--- Task inputs ---

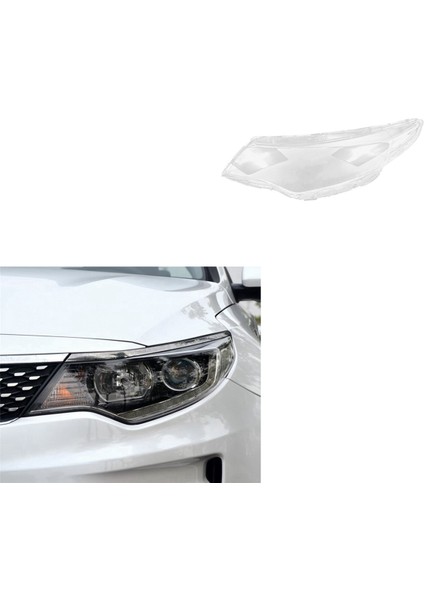 Kia K5 Optima 2016 2017 2018 Için 2x Sol Far Kabuğu Lambası Gölgesi Şeffaf Lens Kapak Far Kapağı (Yurt Dışından) modelleri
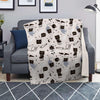 Cute Meow Astronaut Cat Print Blanket-grizzshop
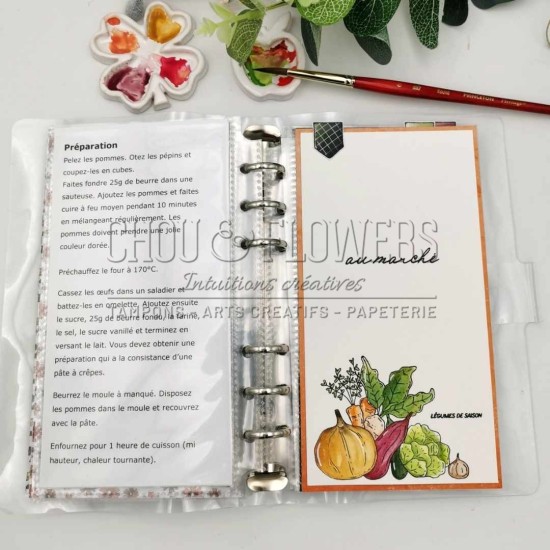 tampon clear Légumes de saison de la collection L'orée des bois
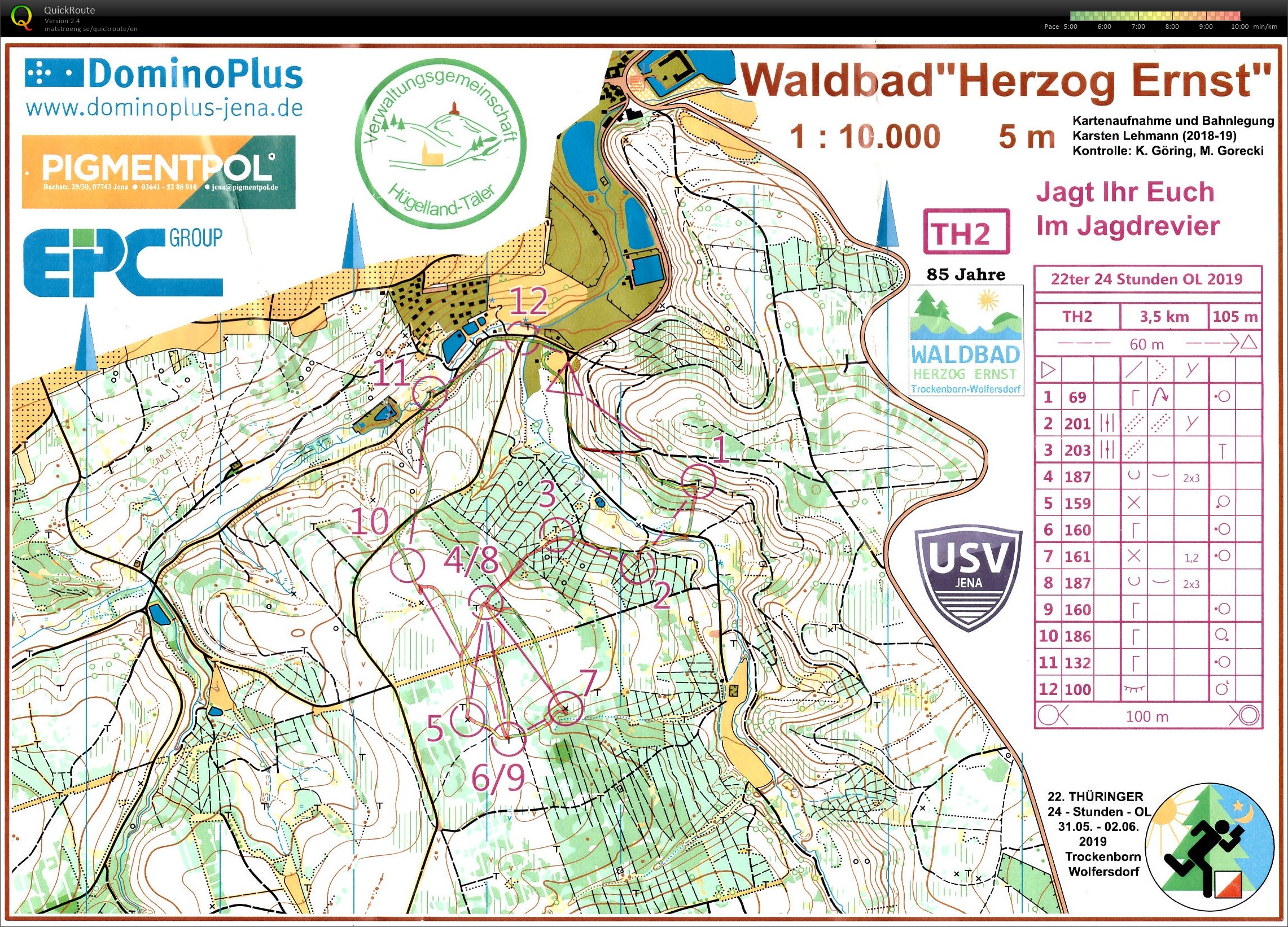 22ter 24-h-OL in Trockenborn/Wolfersdorf - Lauf 1 (01/06/2019)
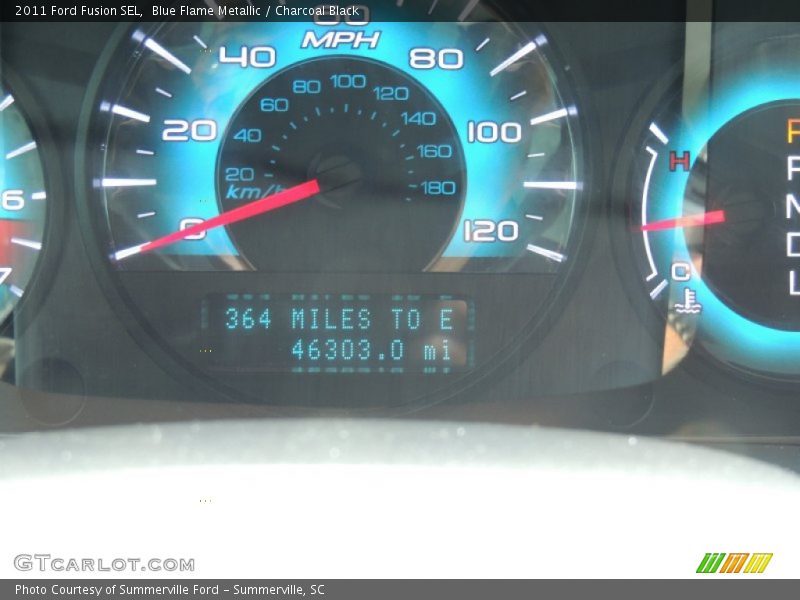 Blue Flame Metallic / Charcoal Black 2011 Ford Fusion SEL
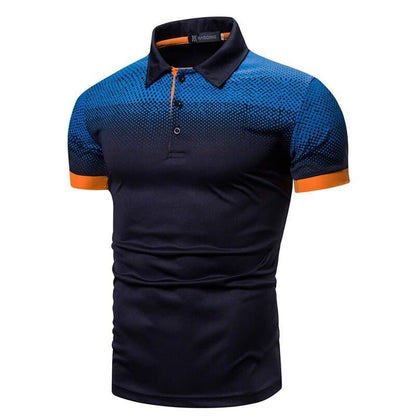 Men's Slim Fit Polo Shirt Lightweight Short Sleeve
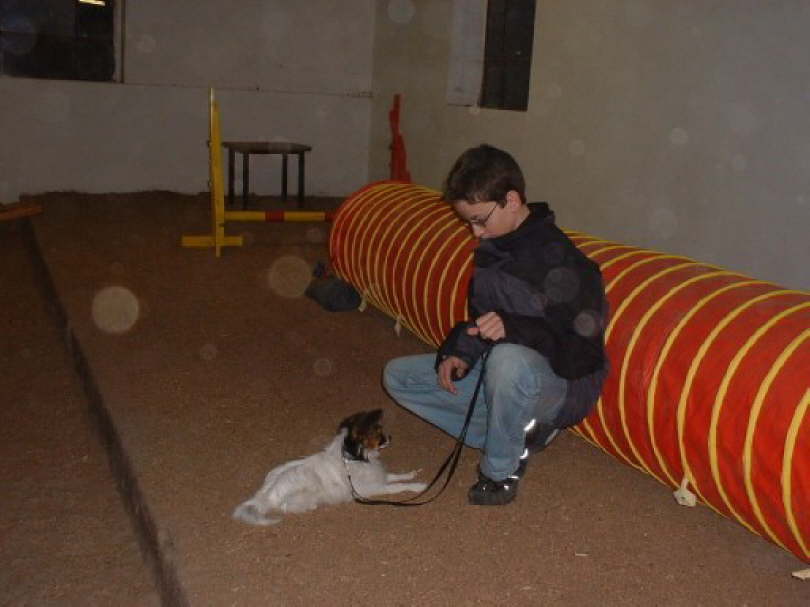 Eine schwere bung: Warten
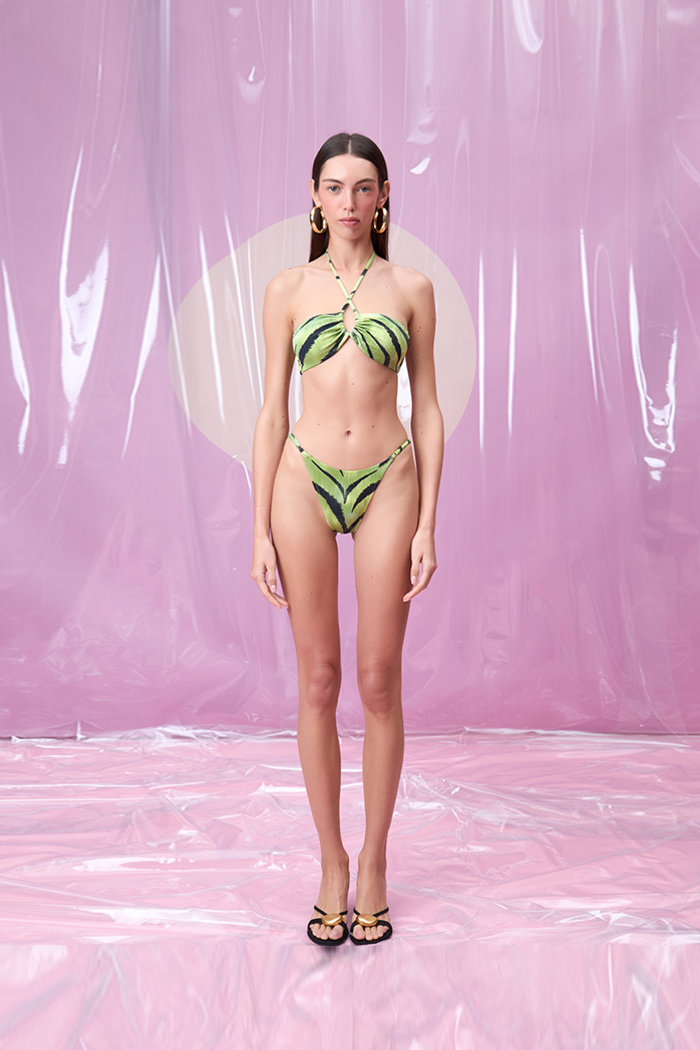 NERISSA BOYUNDAN BAGLAMALI STRAPLEZ BIKINI TAKIMI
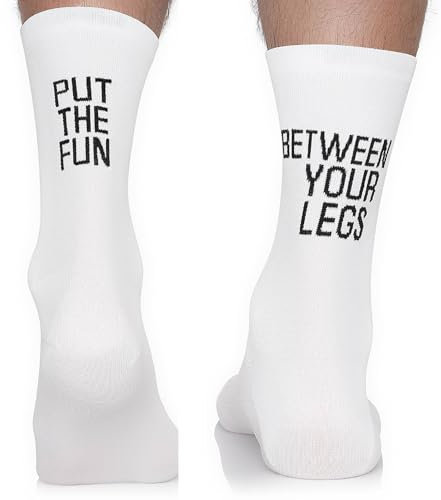 TODO Fahrradsocken Herren. Rennrad Socken Herren. Motiv Fahrrad-Socken, Lustige Radsocken (Put the Fun Between Your Legs 43-46)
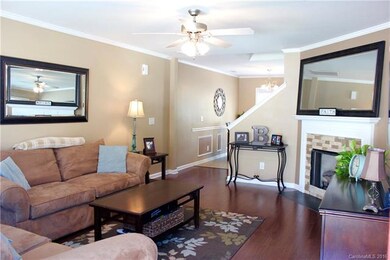 Great flow from living room into kitchen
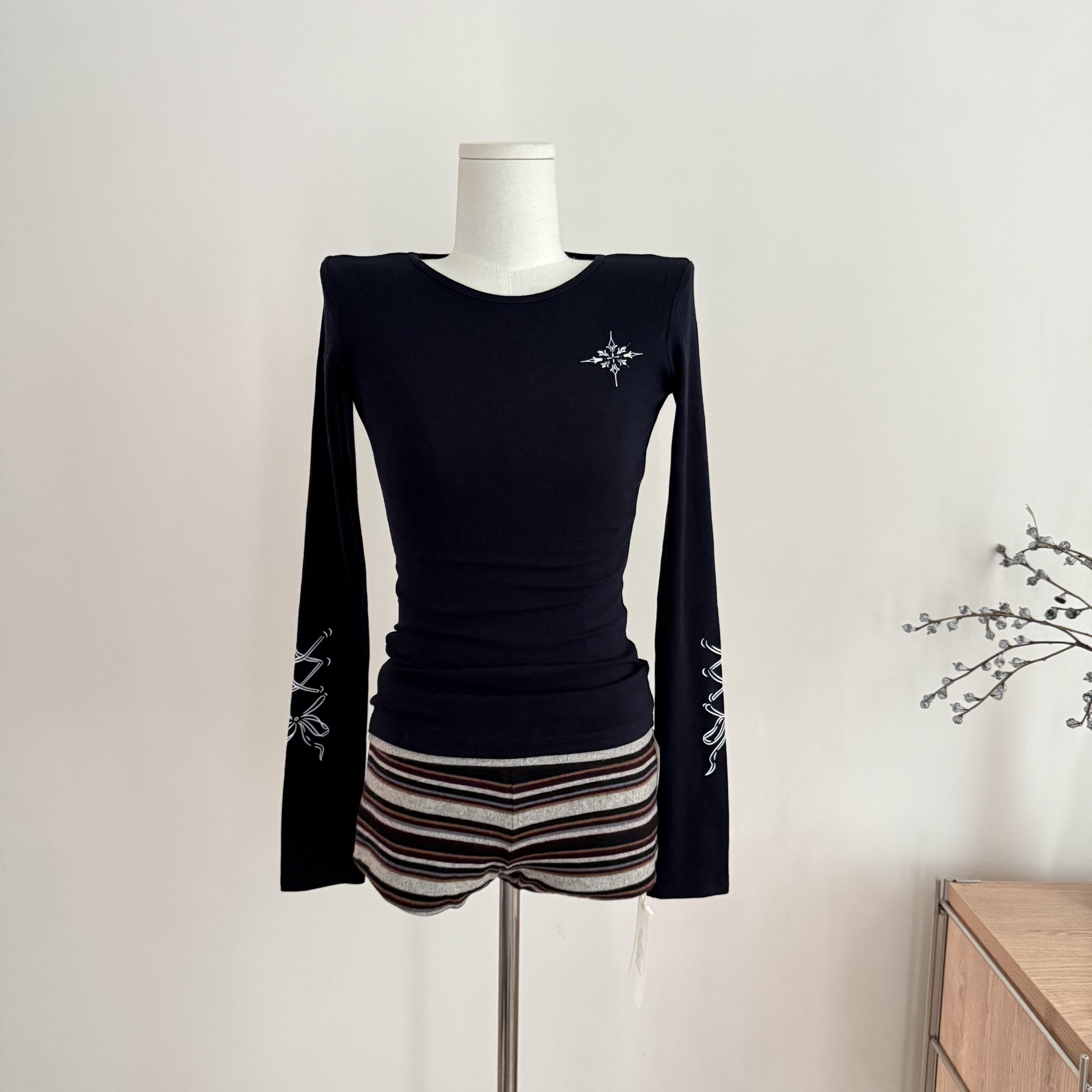 Women’s Long Sleeve Slim Fit Knit Top Spring Base Layer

---

Instructions for the task — Output each of the lines above exactly, apart from the images.

Exercise response —
 Kia K5 Optima 2016 2017 2018 Için 2x Sol Far Kabuğu Lambası Gölgesi Şeffaf Lens Kapak Far Kapağı (Yurt Dışından) modelleri
 Cute Meow Astronaut Cat Print Blanket-grizzshop
 tampon clear Légumes de saison de la collection L'orée des bois
 22ter 24-h-OL in Trockenborn/Wolfersdorf - Lauf 1 (01/06/2019)
 Blue Flame Metallic / Charcoal Black 2011 Ford Fusion SEL
 Men's Slim Fit Polo Shirt Lightweight Short Sleeve
 Eine schwere bung: Warten
 NERISSA BOYUNDAN BAGLAMALI STRAPLEZ BIKINI TAKIMI
 TODO Fahrradsocken Herren. Rennrad Socken Herren. Motiv Fahrrad-Socken, Lustige Radsocken (Put the Fun Between Your Legs 43-46)
 Great flow from living room into kitchen
 Women’s Long Sleeve Slim Fit Knit Top Spring Base Layer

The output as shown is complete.